#### Work instruction
All that is needed is the run of lines from the top of the entries to the line with "9946d899 ec1e 459d", that line included, repeated exactly and free of pictures.

== Segment start ==

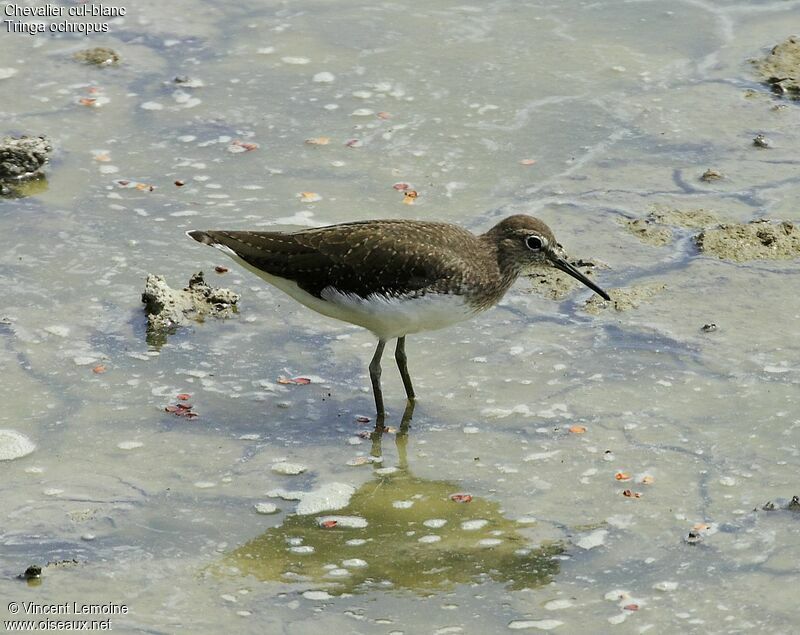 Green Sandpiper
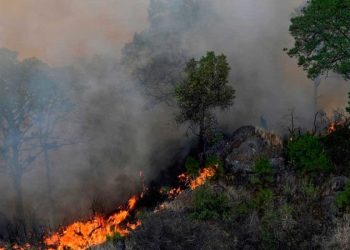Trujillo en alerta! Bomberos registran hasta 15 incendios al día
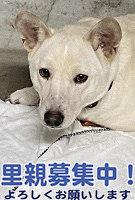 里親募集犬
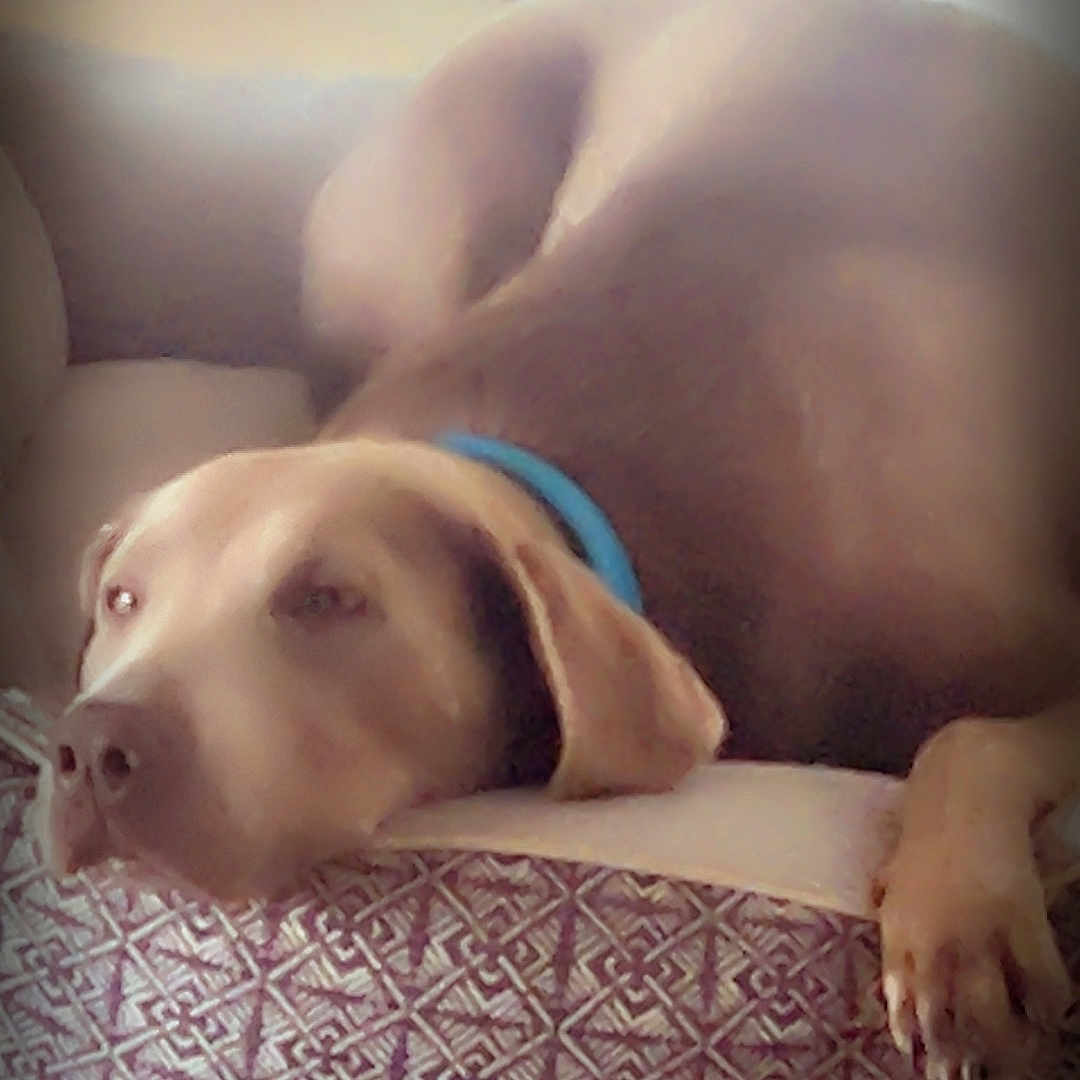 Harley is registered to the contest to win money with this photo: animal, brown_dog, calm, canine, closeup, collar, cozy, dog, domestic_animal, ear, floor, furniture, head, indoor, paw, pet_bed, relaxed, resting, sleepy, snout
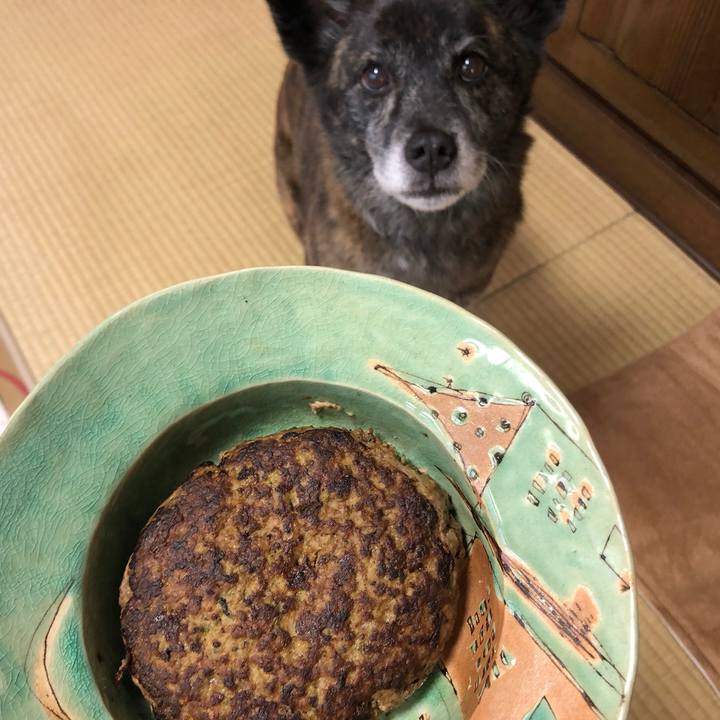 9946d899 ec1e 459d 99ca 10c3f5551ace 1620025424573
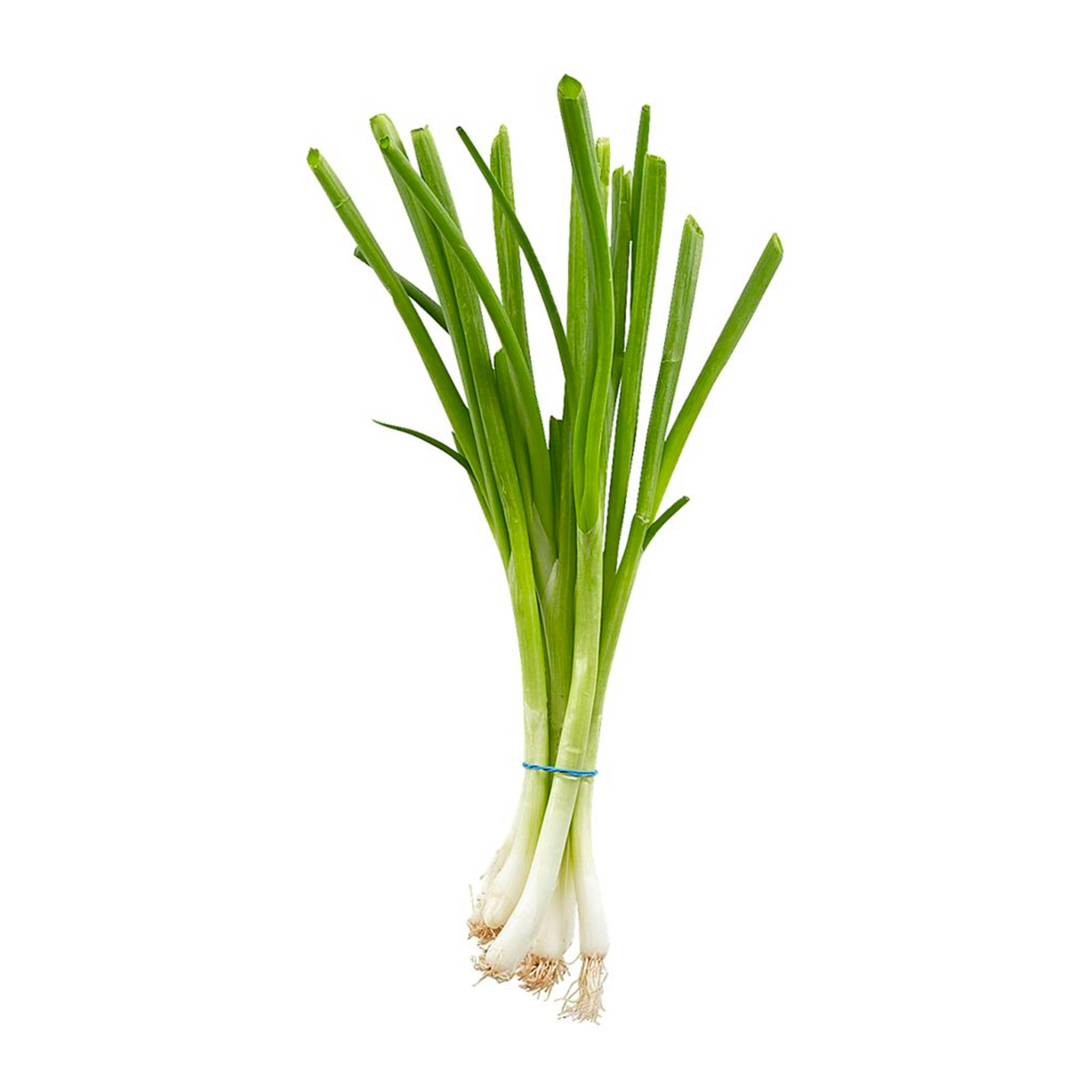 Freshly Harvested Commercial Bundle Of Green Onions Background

== Segment end ==

#### Output for this exercise
 Green Sandpiper
Trujillo en alerta! Bomberos registran hasta 15 incendios al día
 里親募集犬
 Harley is registered to the contest to win money with this photo: animal, brown_dog, calm, canine, closeup, collar, cozy, dog, domestic_animal, ear, floor, furniture, head, indoor, paw, pet_bed, relaxed, resting, sleepy, snout
 9946d899 ec1e 459d 99ca 10c3f5551ace 1620025424573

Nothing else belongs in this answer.